# EXERCISE AIM:
In the entries that follow, find the line containing "Home exterior of" and the line containing "A modern kitchen", then copy exactly everything from the first through the second except the pictures.
• • • • • • •
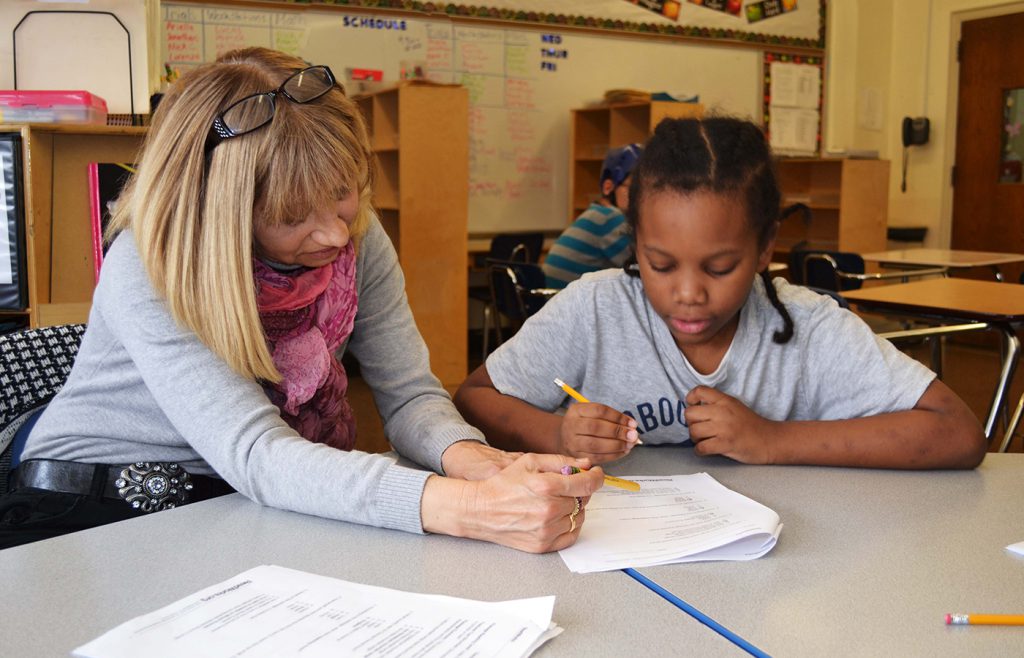 Teacher reviewing an assignment with a student.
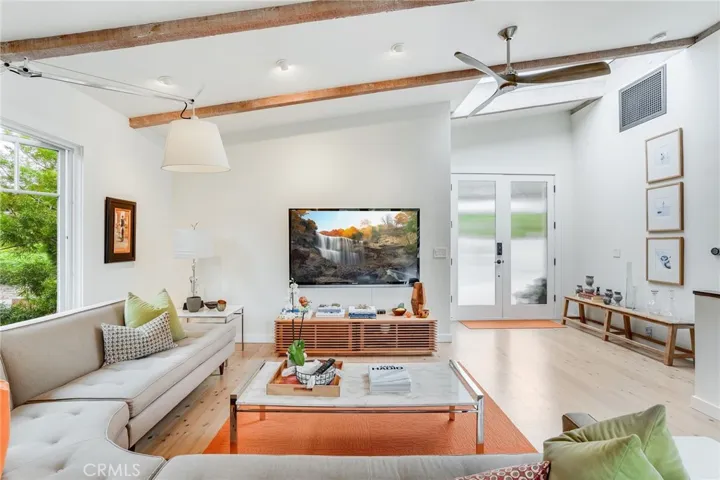 The living room is oversized, with two sets of French doors leading to the rear Ipe wood deck and two separate areas set to accommodate a large television for flexibility.
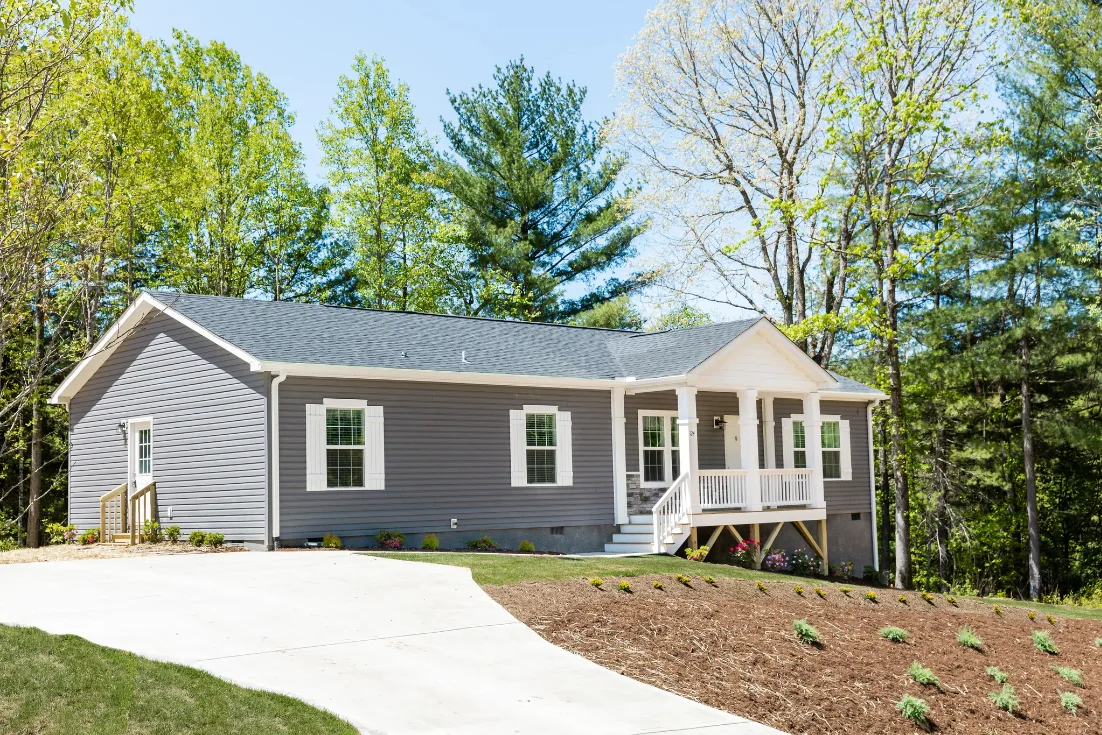 Home exterior of a modern manufactured CrossMod home on land.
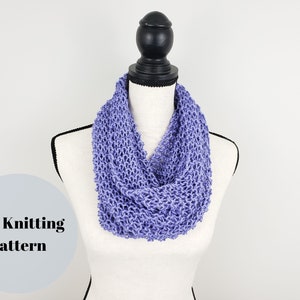 May include: A purple knitted infinity scarf on a white mannequin. The scarf is made with a simple stitch pattern and has a soft, drapey texture. PDF Knitting Pattern.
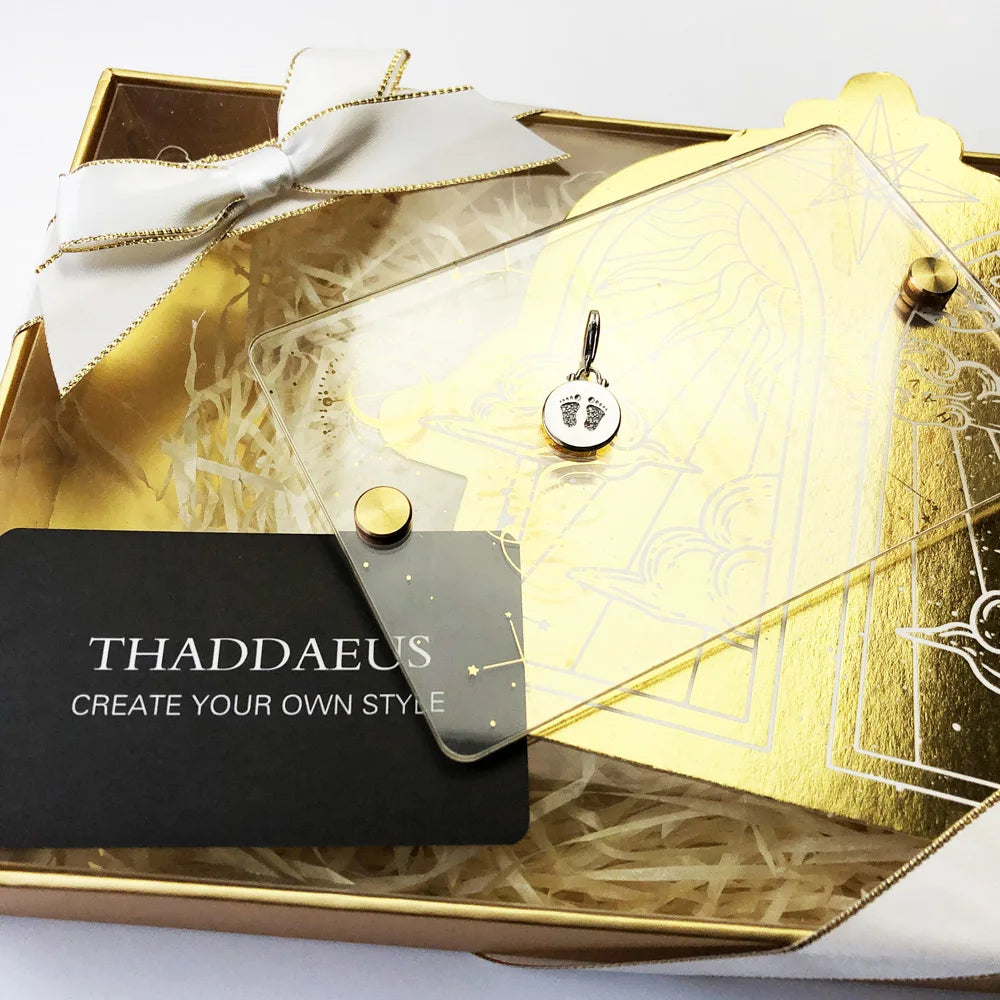 Silberner Anhänger mit runder Disc und Baby-Fußabdruck auf goldfarbener Geschenkverpackung.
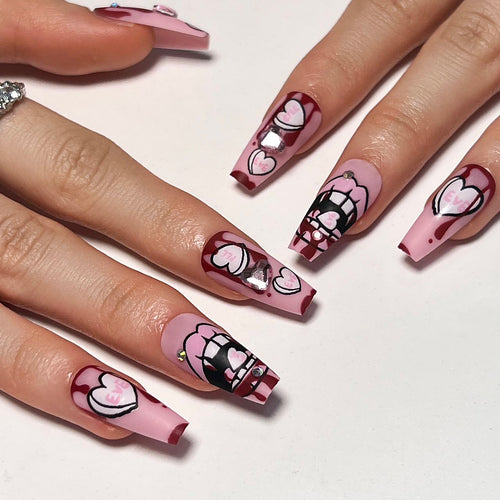 Kunstvolle Stiletto-Nägel mit Herzen und Glitzerakzenten Karnz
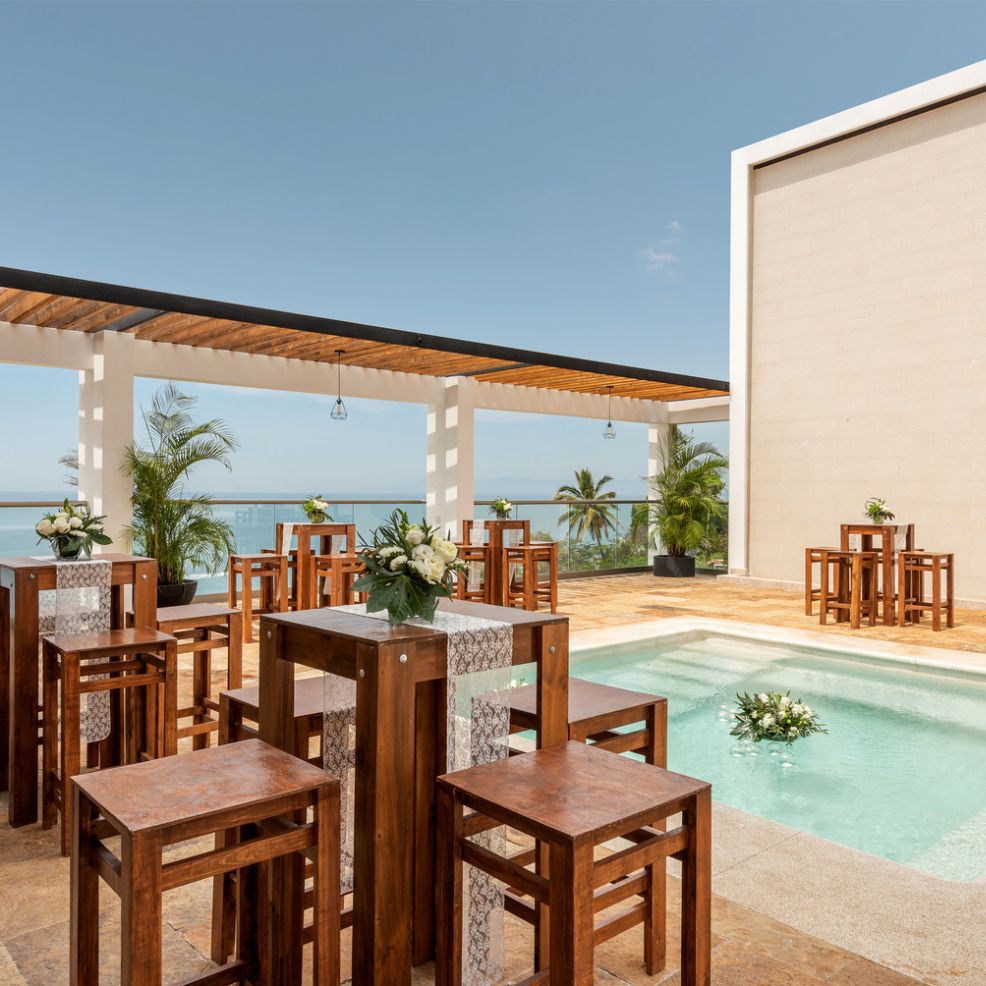 Outdoor poolside area featuring tall wooden tables and chairs, with a breathtaking ocean view in the background—perfect for a destination wedding.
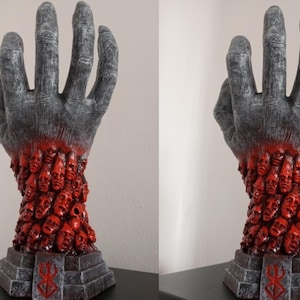 May include: A gray hand sculpture with a red base. The hand is holding a large number of small, red faces. The base has a black and white symbol on it.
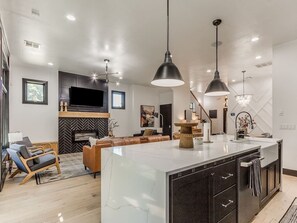 A modern kitchen with a marble island, pendant lighting, and a built-in oven. - Chic Crown Heights Retreat W/ Fire Pit, Near Paseo (Oklahoma City)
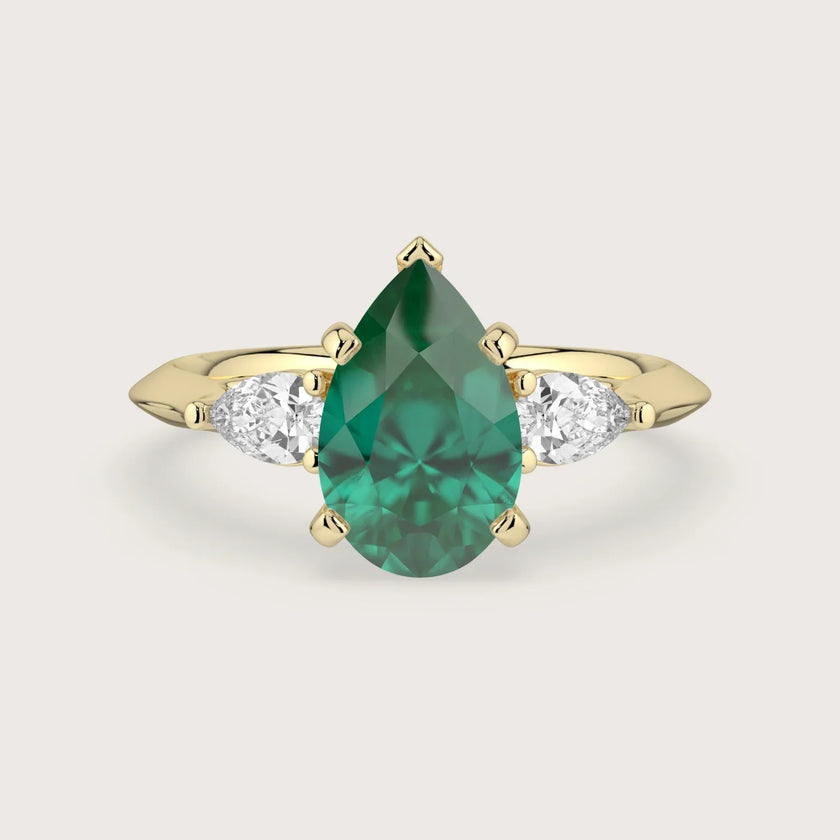 Pear-shaped emerald trilogy engagement ring in 18k yellow gold. Lab-grown gemstone ring.
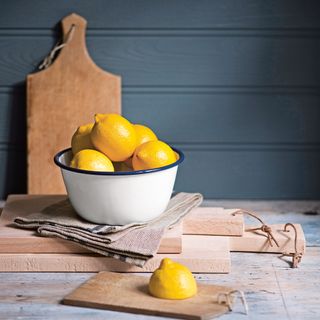 Lemon in white bowl infront of wooden board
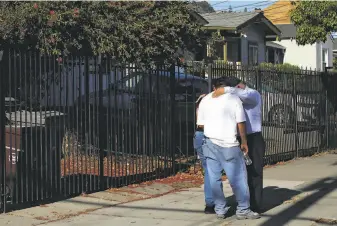  ?? Yalonda M. James / The Chronicle ?? Pastor Jose Rojas ( right) of the Pentecosta­ls of Oakland prays with a couple who lost a loved one in a shooting on 84th Avenue on Thursday. “Sometimes I wish we could do more,” he said.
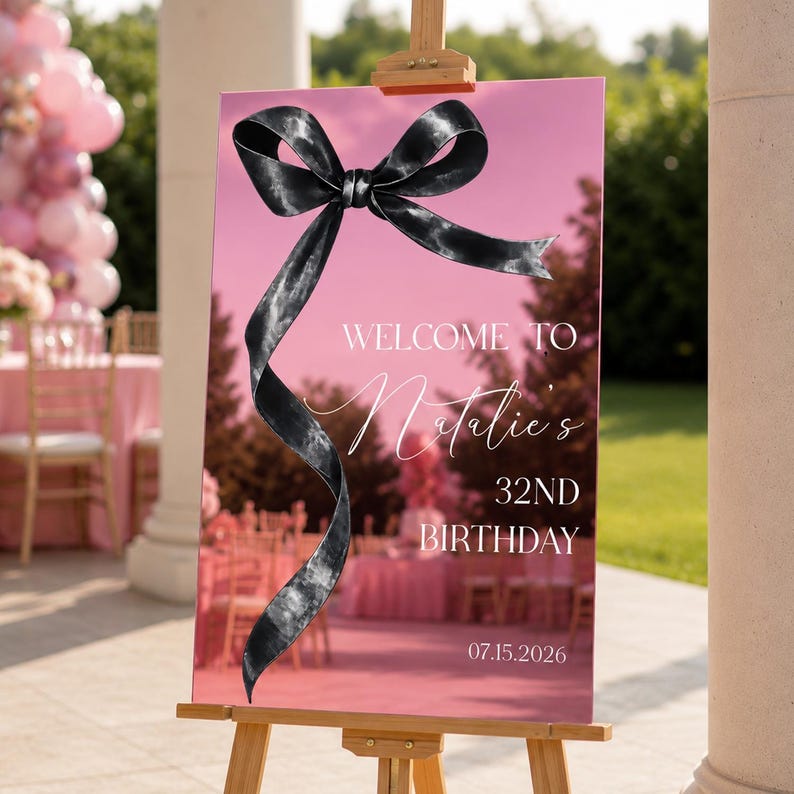 May include: A rectangular pink welcome sign on a wooden easel featuring a large black ribbon graphic. The text reads: WELCOME TO Natalie's 32ND BIRTHDAY 07.15.2026. The sign has a reflective surface showing a blurred outdoor event setting with pink decor.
• • • • • • •
# WRITTEN ANSWER:
 Home exterior of a modern manufactured CrossMod home on land.
 May include: A purple knitted infinity scarf on a white mannequin. The scarf is made with a simple stitch pattern and has a soft, drapey texture. PDF Knitting Pattern.
 Silberner Anhänger mit runder Disc und Baby-Fußabdruck auf goldfarbener Geschenkverpackung.
 Kunstvolle Stiletto-Nägel mit Herzen und Glitzerakzenten Karnz
 Outdoor poolside area featuring tall wooden tables and chairs, with a breathtaking ocean view in the background—perfect for a destination wedding.
 May include: A gray hand sculpture with a red base. The hand is holding a large number of small, red faces. The base has a black and white symbol on it.
 A modern kitchen with a marble island, pendant lighting, and a built-in oven. - Chic Crown Heights Retreat W/ Fire Pit, Near Paseo (Oklahoma City)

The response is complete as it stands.